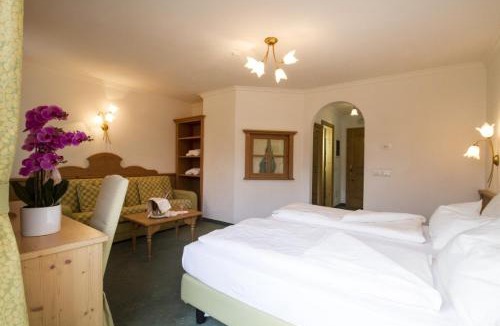 Campo Carlo Magno Hotel | Hotel Casa del Campo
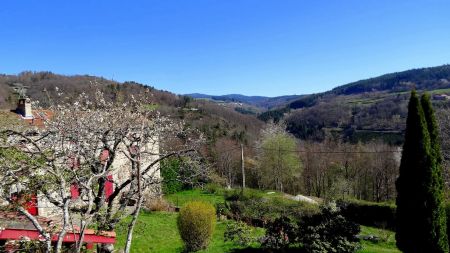 Du bourg vers le crêt de la Chèvre.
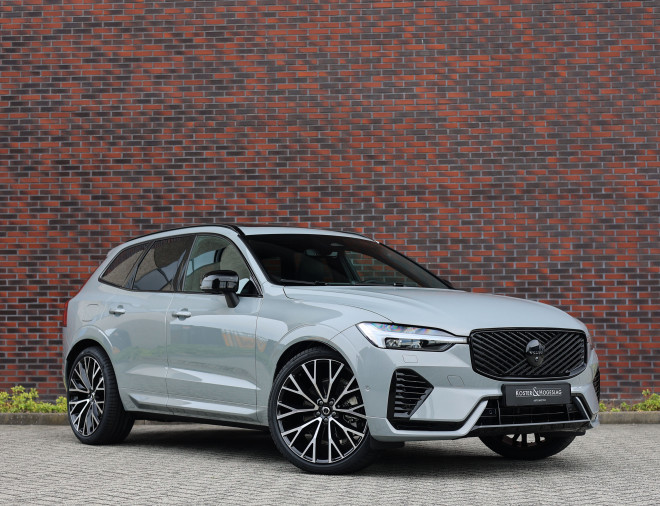 Volvo XC60 2.0 T8 Ultra Black Edition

— Work request —
Repeat the data exactly in full, omitting its pictures.

— The completed task —
 Campo Carlo Magno Hotel | Hotel Casa del Campo
 Du bourg vers le crêt de la Chèvre.
 Volvo XC60 2.0 T8 Ultra Black Edition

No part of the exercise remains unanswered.